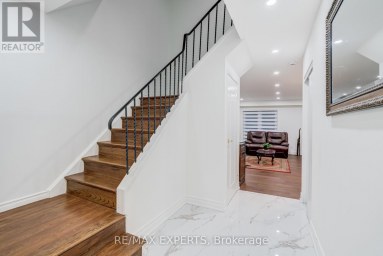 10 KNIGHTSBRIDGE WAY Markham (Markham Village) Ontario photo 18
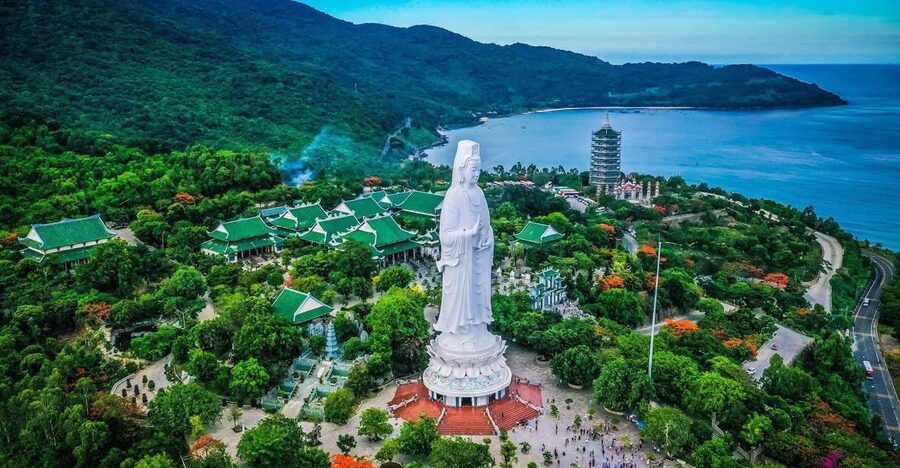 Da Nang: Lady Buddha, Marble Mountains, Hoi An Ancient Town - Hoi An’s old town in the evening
---
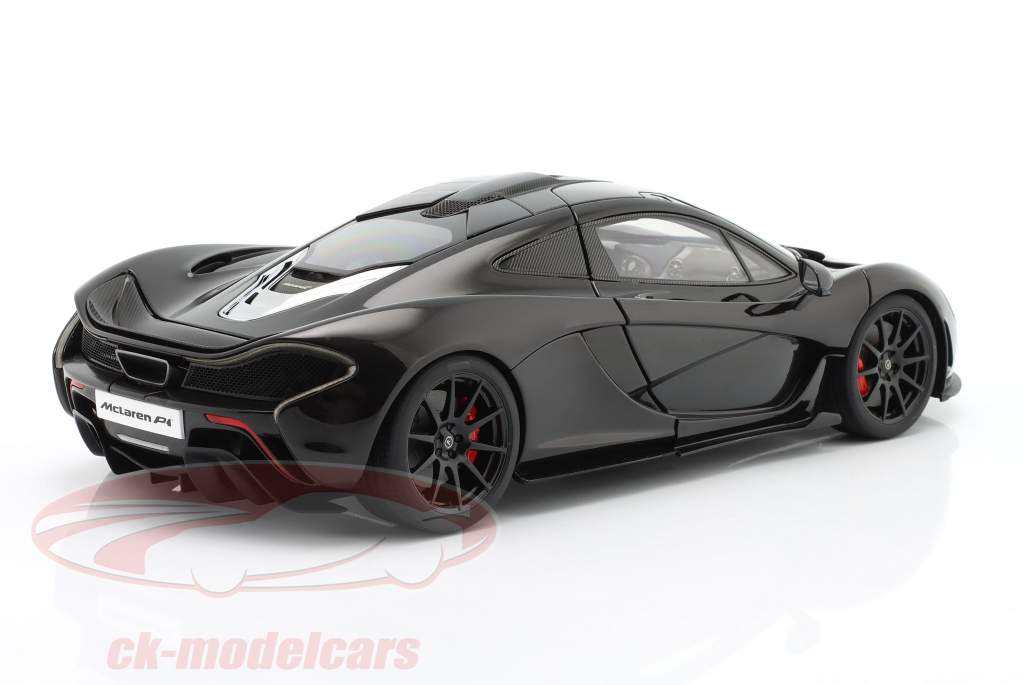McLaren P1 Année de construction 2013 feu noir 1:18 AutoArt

• [YOUR OBJECTIVE]
Your answer is the exact run of lines above from the one with "10 KNIGHTSBRIDGE WAY" through the one with "Da Nang: Lady", both ends included, minus any picture.

• [THE ANSWER]
 10 KNIGHTSBRIDGE WAY Markham (Markham Village) Ontario photo 18
 Da Nang: Lady Buddha, Marble Mountains, Hoi An Ancient Town - Hoi An’s old town in the evening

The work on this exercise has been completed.